- 79% of employees who were paid incorrectly identified the issue themselves
- Around half (44%) of all respondents would consider leaving their job after being paid late
Today SD Worx, the global HR and payroll service provider, revealed that out of 4,000 employees surveyed, 44% had been paid late by their employers and 48% of those that had been paid late had also been paid incorrectly. The survey also revealed that 79% of employees that had been paid incorrectly identified the issue themselves and, on average, 44% respondents would consider leaving their jobs (41% in the UK) after being paid incorrectly, with 55% of German respondents considering leaving, and only 30% of French.
SD Worx conducted an independent online survey amongst employees in six different European countries, the UK, France, Austria, the Netherlands, Switzerland and Germany, to measure their opinions and experiences of receiving delayed and incorrect payment. The survey targeted employees working in organisations sized between 10 to 10,000 employees who had experienced a delay in payment from their employer, finding that employees in the Netherlands were most likely to be paid late (55%), followed by Germany (46%).
The delay in payment caused a predominately negative perception of employers from the employees that SD Worx surveyed. The majority (varying from 80% in Netherlands to 93% in Switzerland) of employees who experienced payment delays felt their perception of their employer had a ‘slight negative’ to ‘highly negative’ impact. In addition, surveyed employees thought that the reason for their late payment was predominately down to poor management (61% of UK respondents) or financially unstable employers (on average 33% in all countries).

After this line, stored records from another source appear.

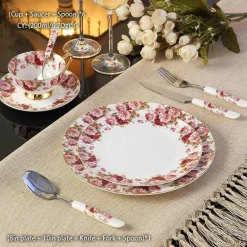 Royal Bone China Geschirrset - Europäischer Pastoralstil mit Besteck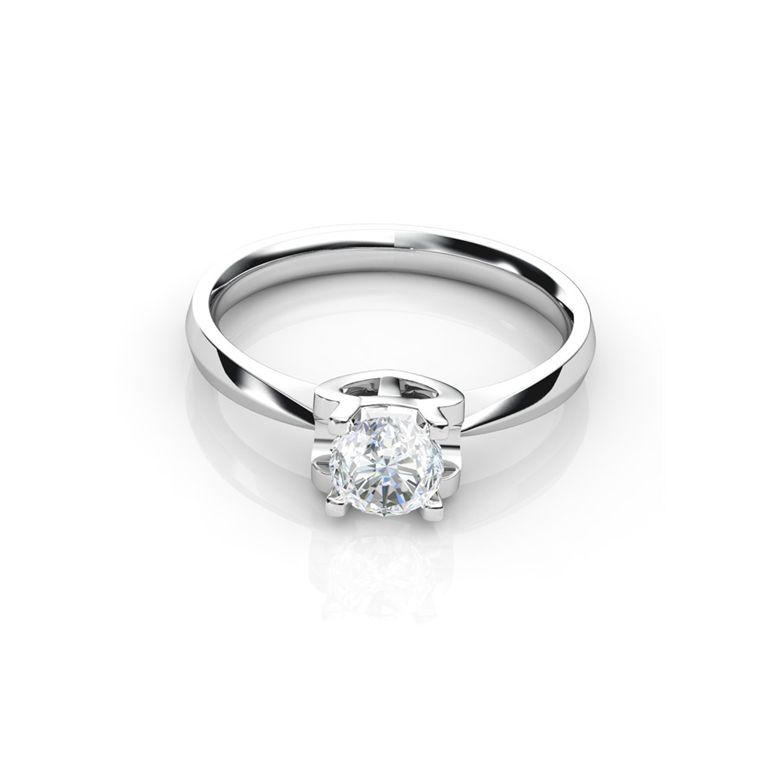 Bague prénom - Lettre T - Diamant, or blanc | Gemperles - 2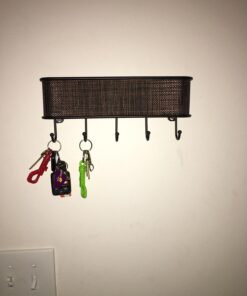 iDesign Twillo Mail and Key Holder, Decorative Wall Mounted Key Rack Organizer Pocket and Letter Sorter Holder for Entryway, Kitchen, Mudroom, Home Office Organization, 10.5" x 2.5" x 4.5", Bronze Mail & Key Rack 39 71rSMWmWhfL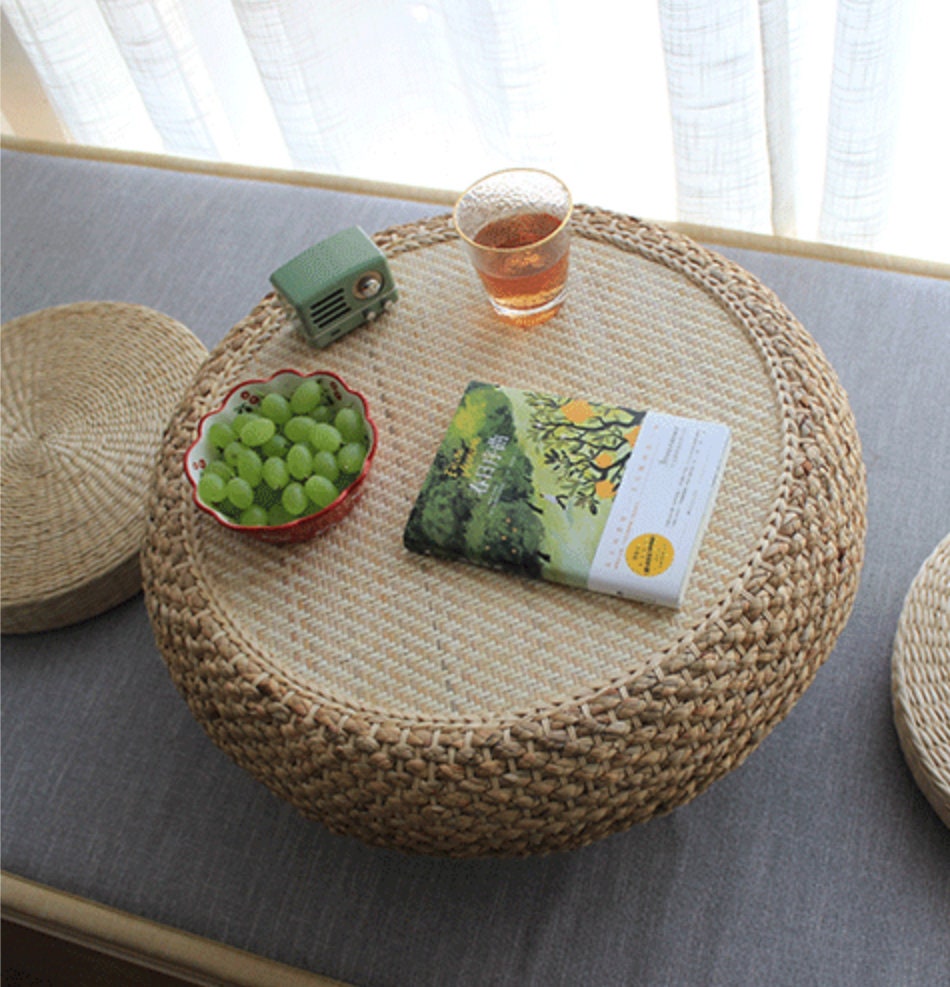 Round low wood coffee table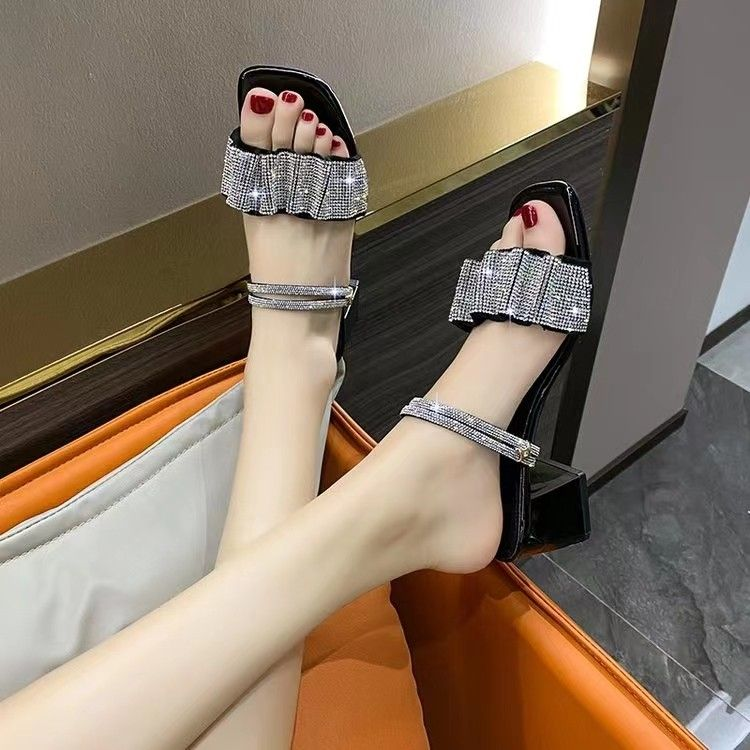Sandales à talons épais et respirants, diamant d'eau, pour vêtements d'extérieur, mode polyvalente d'été, Style célébrité romaine d'internet, nouvelle collection 2024_voghion.com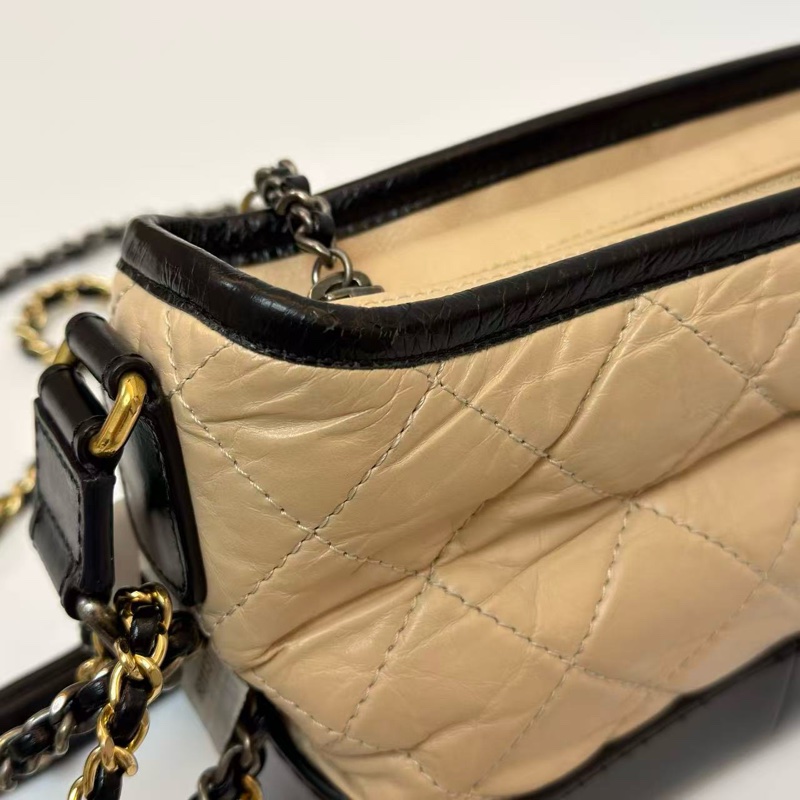 香奈兒/Chanel 流浪包Gabrielle 小號 奶茶色-5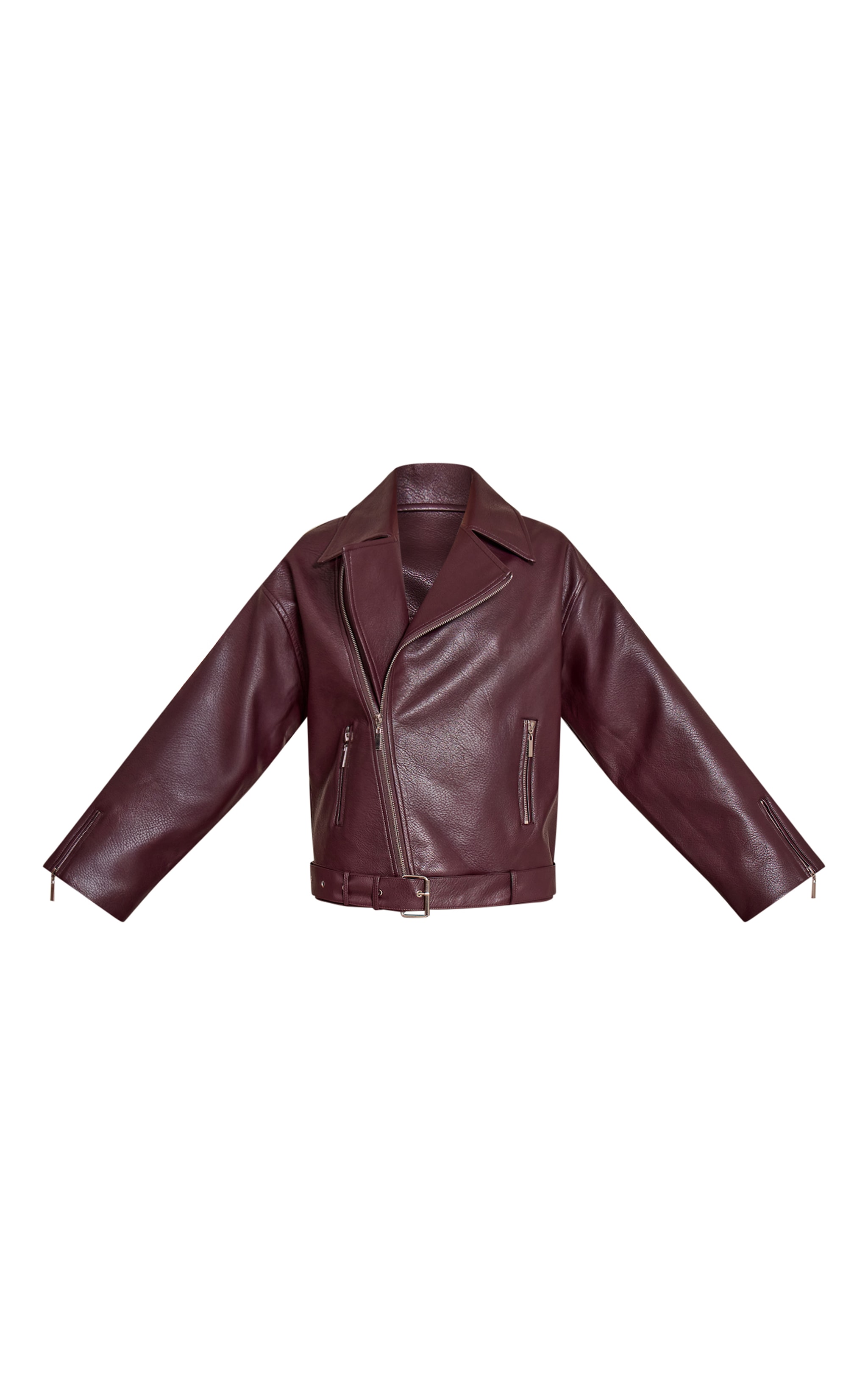 Veste motard oversize en PU bordeaux image 5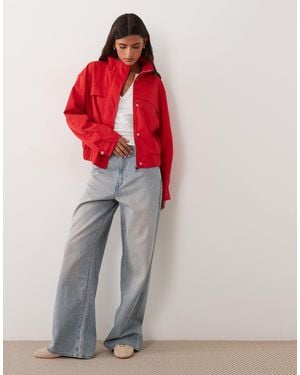 Jdy Funnel Neck Jacket - Red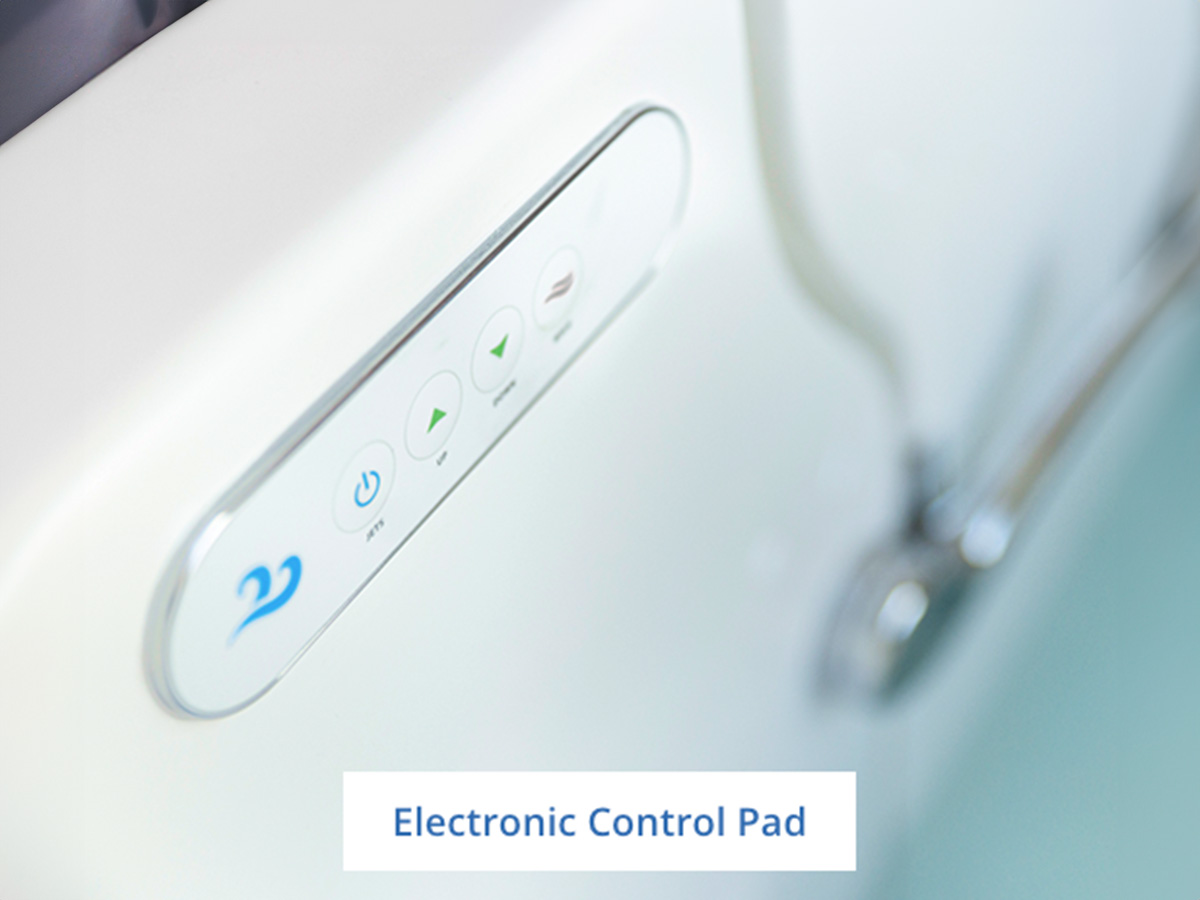 The image shows an electronic control pad with various buttons and symbols, likely for operating a device or system, possibly in a medical or healthcare setting, given the context of the word electronic control pad.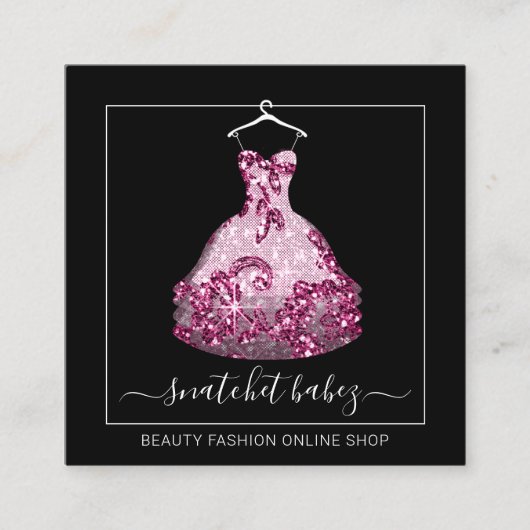 ファッションスタイリストイベントドレスQRコードロゴグリッター スクエア名刺 (正面)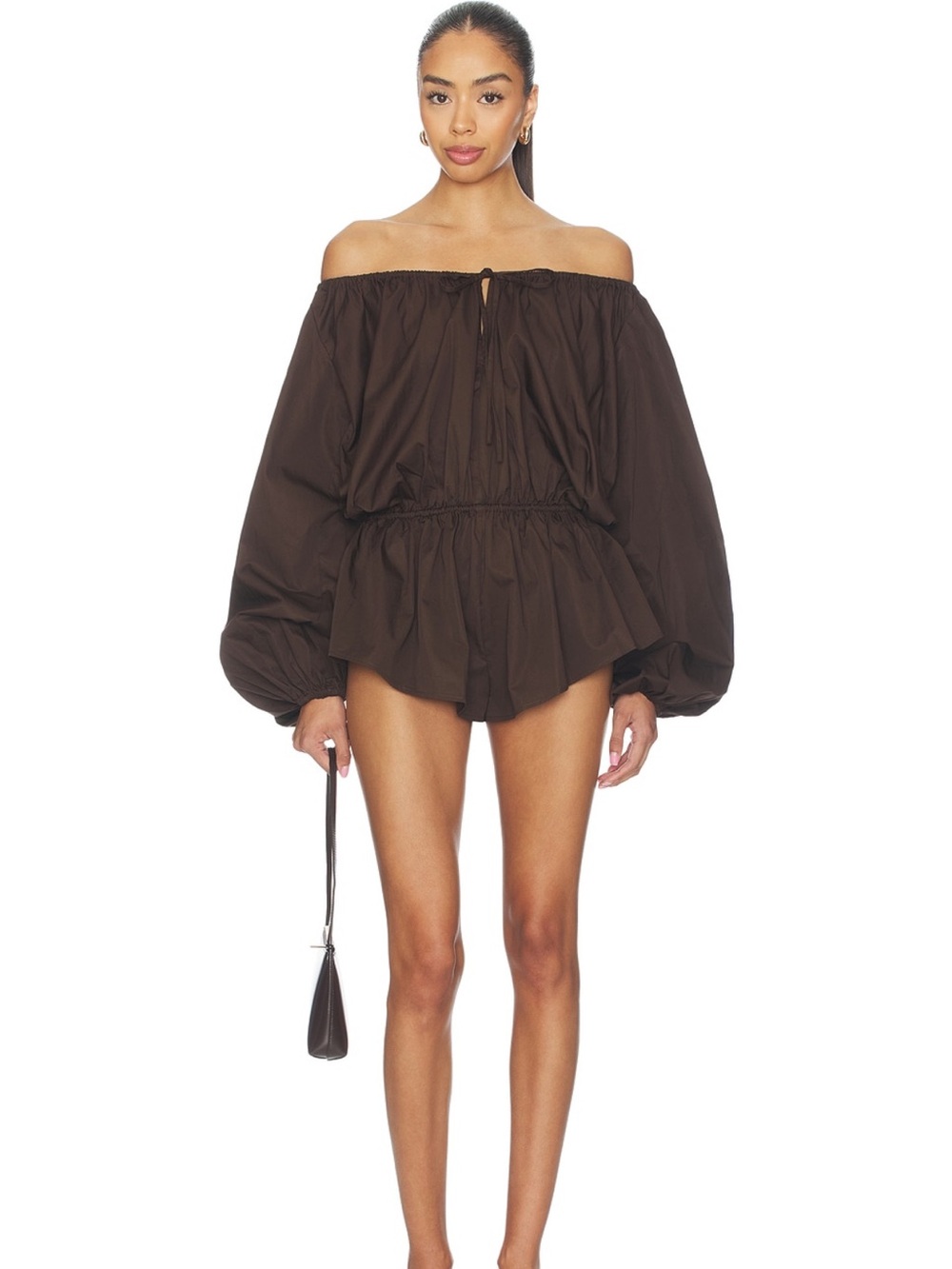 Lovers + Friends Off-Shoulder Brown Long-Sleeve Romper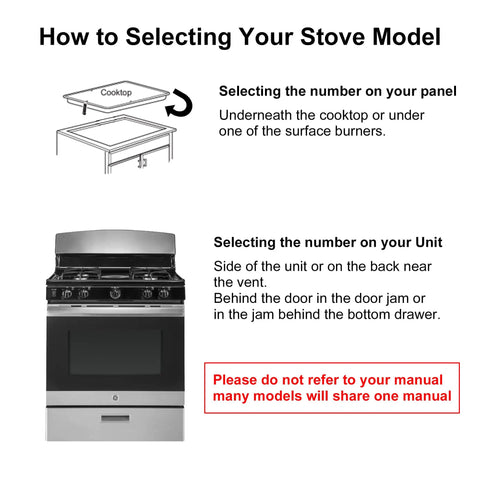 Diagram showing instructions for selecting your stove model, featuring 36 inch gas range and text guidance for GE ranges.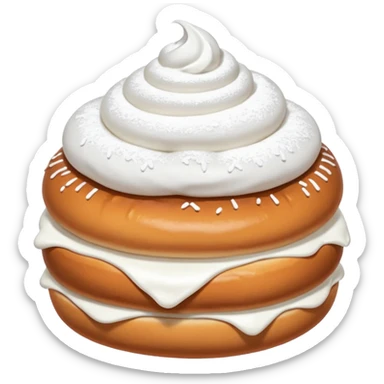 A bun with visible whipped cream in the middle beteween two bun halves and powdered sugar on top sticker
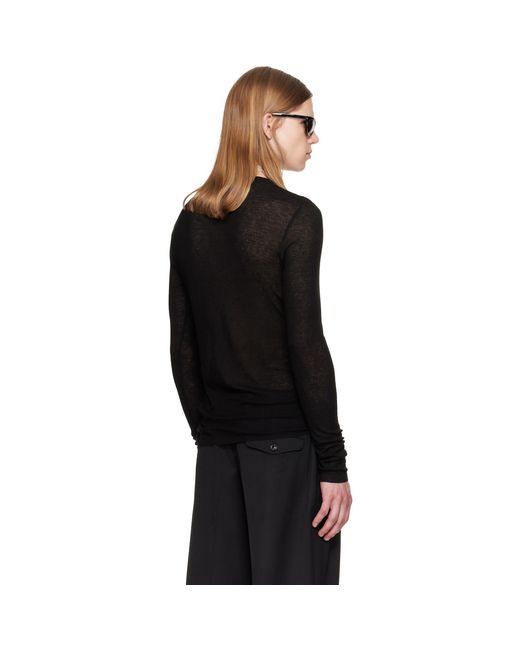 TONYWACK Black Sheer Wool Ribbed Knit Sweater for men
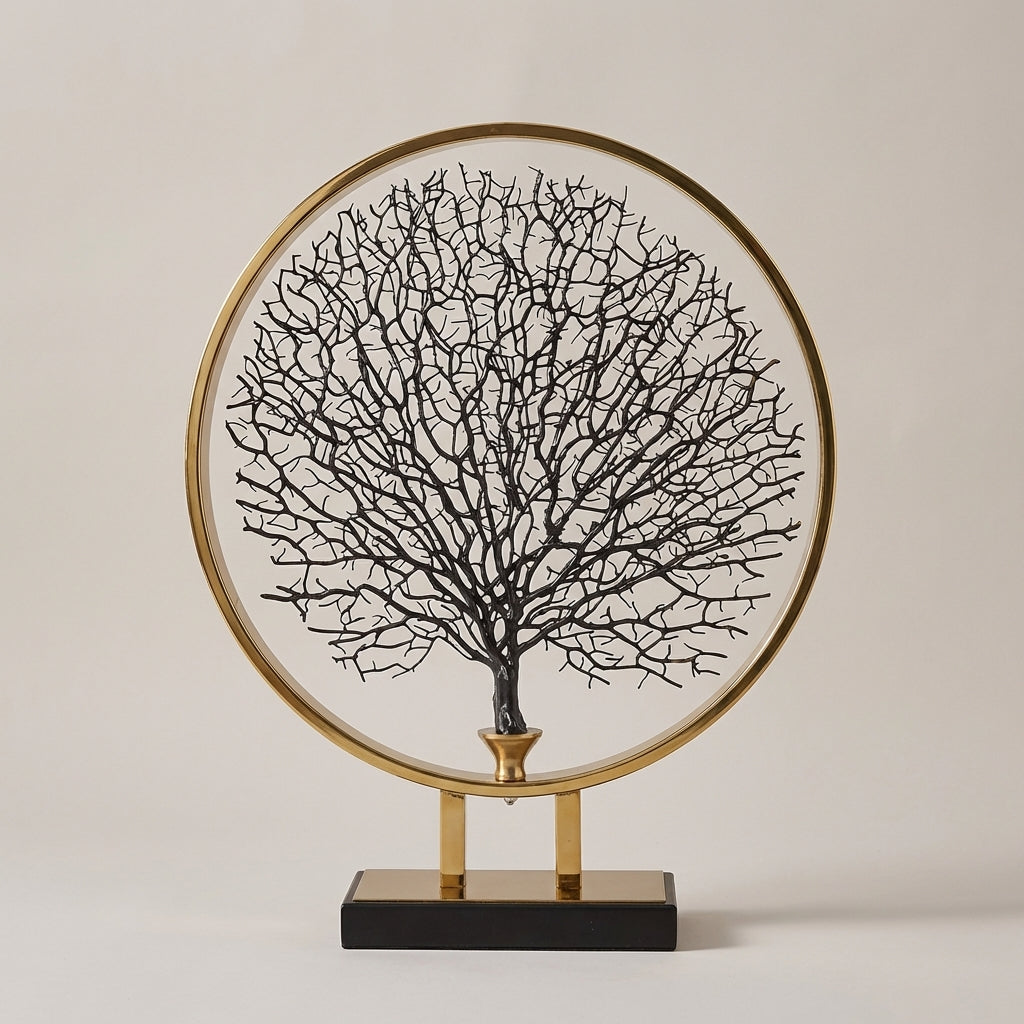 coral sculpture in brass frame modern console decor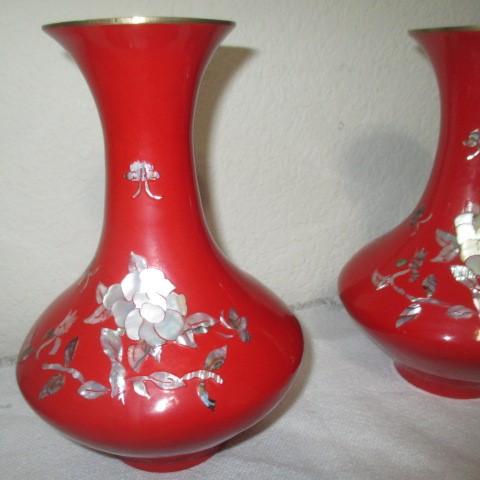 Vintage Red Lacquer on brass Vase decorated with Mother of Pearl Vintage Red Lacquer on brass Vase decorated with Mother of Pearl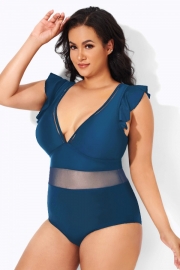 Navy Ruffle Plunge V Neck Plus Size One Piece Swimsuit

Jan Van Mol, Head of Global Alliance at SD Worx, commented: “The results of this survey are shocking in regards to the impact that payroll error has on employee engagement. An increasing number of employees are becoming actively disengaged in their workplace due to late or incorrect payments, something that employers need to fix to ensure that their employees have high morale and trust in the workplace”.
Alongside whether employees were paid late, SD Worx also asked whether employees had been paid incorrectly. The survey found that of the 44% that had been paid late, a total of 48% had also been paid incorrectly. Among those respondents, the UK is most likely to be paid incorrectly at 61%, with the Netherlands in second at 55%. Of the respondents that were paid late, over 80% of all employees (other than Austria) found the issue and notified their employer themselves.
The reasons for delayed payment varied for each country, with the main two reasons being “Late third-party payments impacting cash-flow” and “System error or outage”, combining for around three-in-five (57%) employees in all countries. In Austria, late third party payment was the cause of delayed payment for 50% of employees.
On average, employees experiencing a delay in payment were delayed between one-and-a-half and two weeks in all countries, except in Austria where the average delay was around three weeks. Payroll and HR is often overlooked as an essential aspect of an organisation, but SD Worx’s survey results emphasise the importance of ensuring that employers are paying their employees correctly.